The first example of cobalt‐catalyzed oxidative C−H/C−H cross‐coupling between two heteroarenes is reported, which exhibits a broad substrate scope and a high tolerance level for sensitive functional groups. When the amount of Co(OAc)2⋅4 H2O is reduced from 6.0 to 0.5 mol %, an excellent yield is still obtained at an elevated temperature with a prolonged reaction time. The method can be extended to the reaction between an arene and a heteroarene. It is worth noting that the Ag2CO3 oxidant is renewable. Preliminary mechanistic studies by radical trapping experiments, hydrogen/deuterium exchange experiments, kinetic isotope effect, electron paramagnetic resonance (EPR), and high resolution mass spectrometry (HRMS) suggest that a single electron transfer (SET) pathway is operative, which is distinctly different from the dual C−H bond activation pathway that the well‐described oxidative C−H/C−H cross‐coupling reactions between two heteroarenes typically undergo.

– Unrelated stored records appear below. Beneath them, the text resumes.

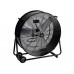 VLOERVENTILATOR - DRUM - METAAL -   75 cm - ZWART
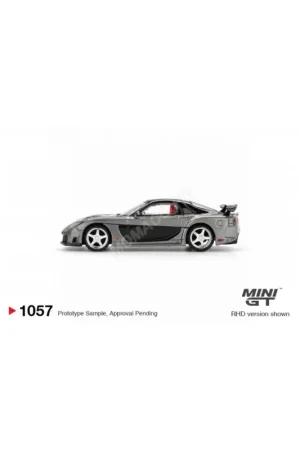 Bestseller Mazda rx7 (fd3s) veilside 2011 gray “fortune grey” (blister edition) (lhd) Miniatuur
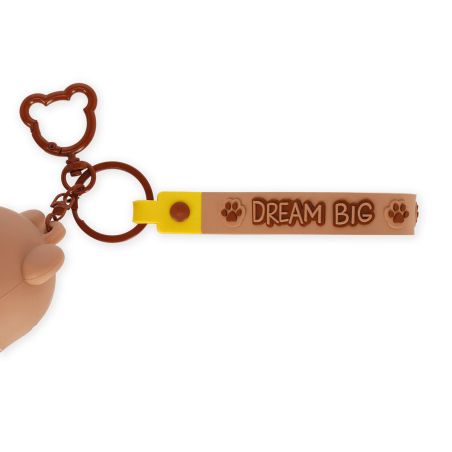 LEGAMI MILANO Mini Kawaii Geldbörse Teddy mit Anhänger – Charmant & handlich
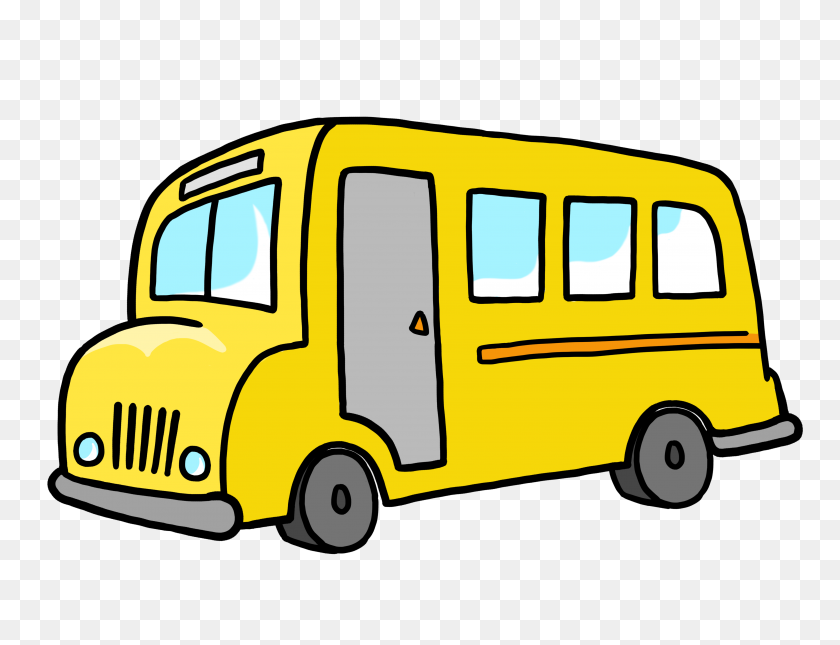 4000x3000 Travel Clipart Bus - Vacation Clipart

A bidentate 8‐quinolinyl ligand assists the cobalt‐catalyzed title reaction between two (hetero)arenes exhibiting a broad substrate scope and a high tolerance level for sensitive functional groups. The preliminary mechanistic study suggests that a single electron transfer pathway is operative.